*Given material*.

□ □ □ □ □ □ □

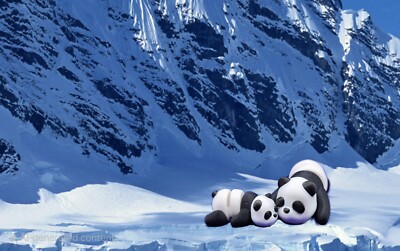 Panda & Baby Panda 3D gedruckt - Gelenkbewegung / Kind, Erwachsene Geschenke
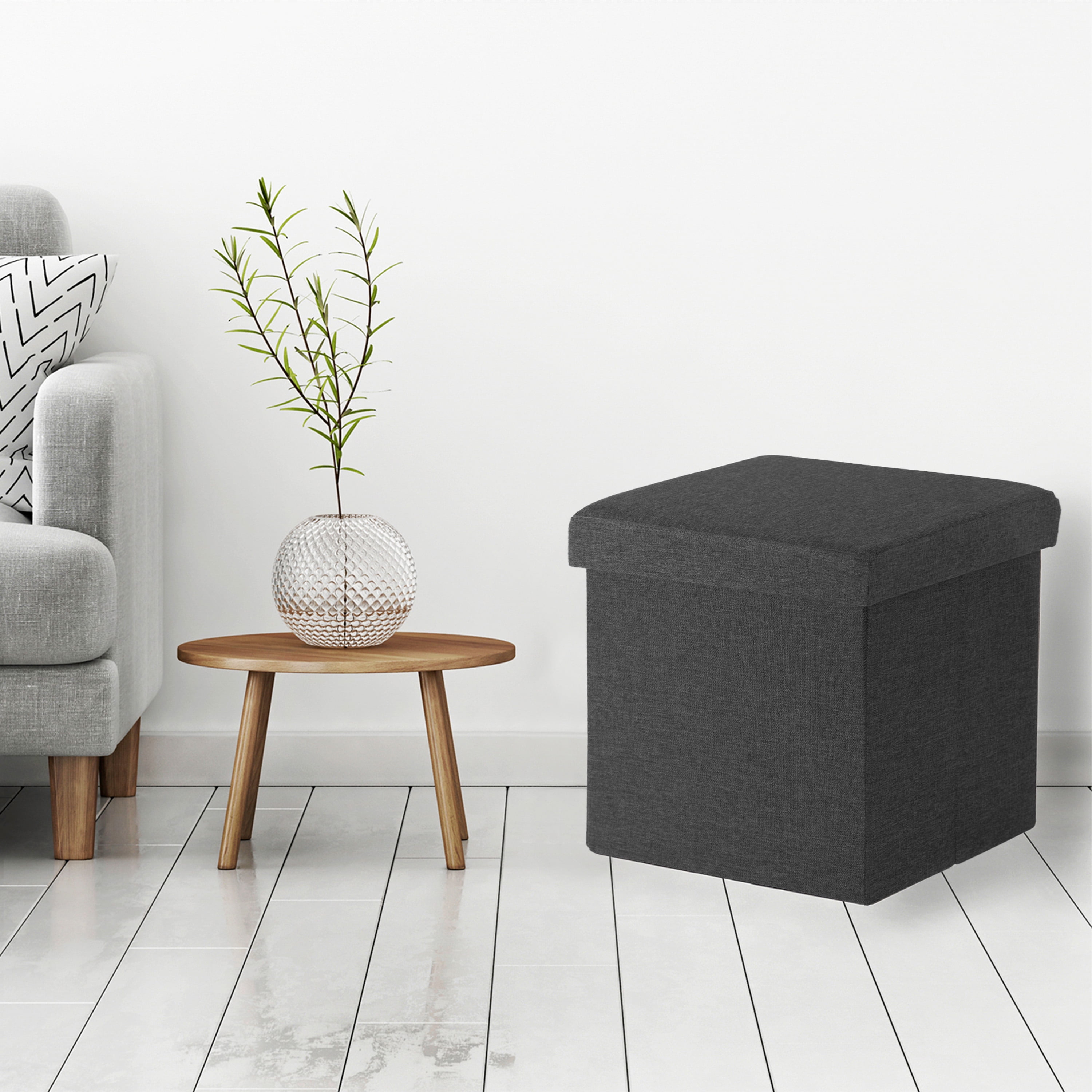 Seville Classics Cushioned Fabric Ottoman Hidden Storage Chest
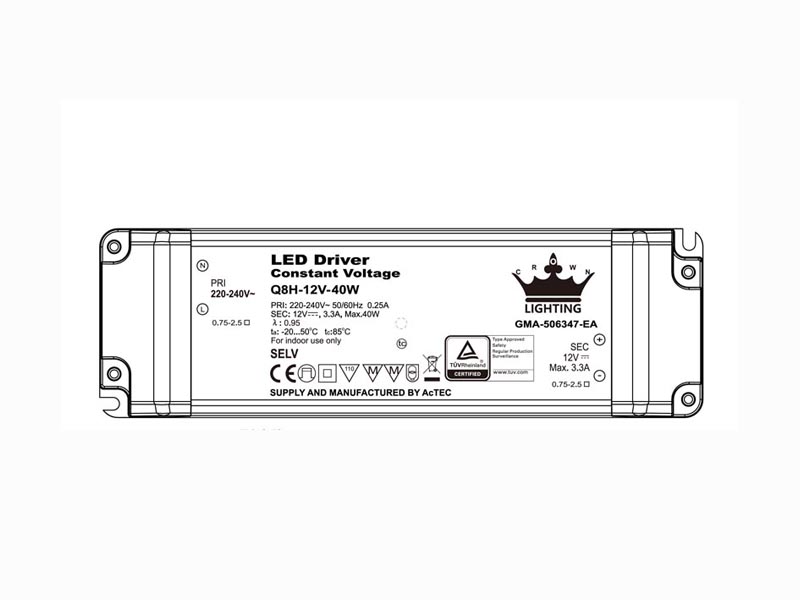 LED DRIVER CONSTANT VOLTAGE Q8H-12V-40W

□ □ □ □ □ □ □

*What is needed*. Once the pictures are removed, copy the material above exactly.

*Reply*.
 Panda & Baby Panda 3D gedruckt - Gelenkbewegung / Kind, Erwachsene Geschenke
 Seville Classics Cushioned Fabric Ottoman Hidden Storage Chest
 LED DRIVER CONSTANT VOLTAGE Q8H-12V-40W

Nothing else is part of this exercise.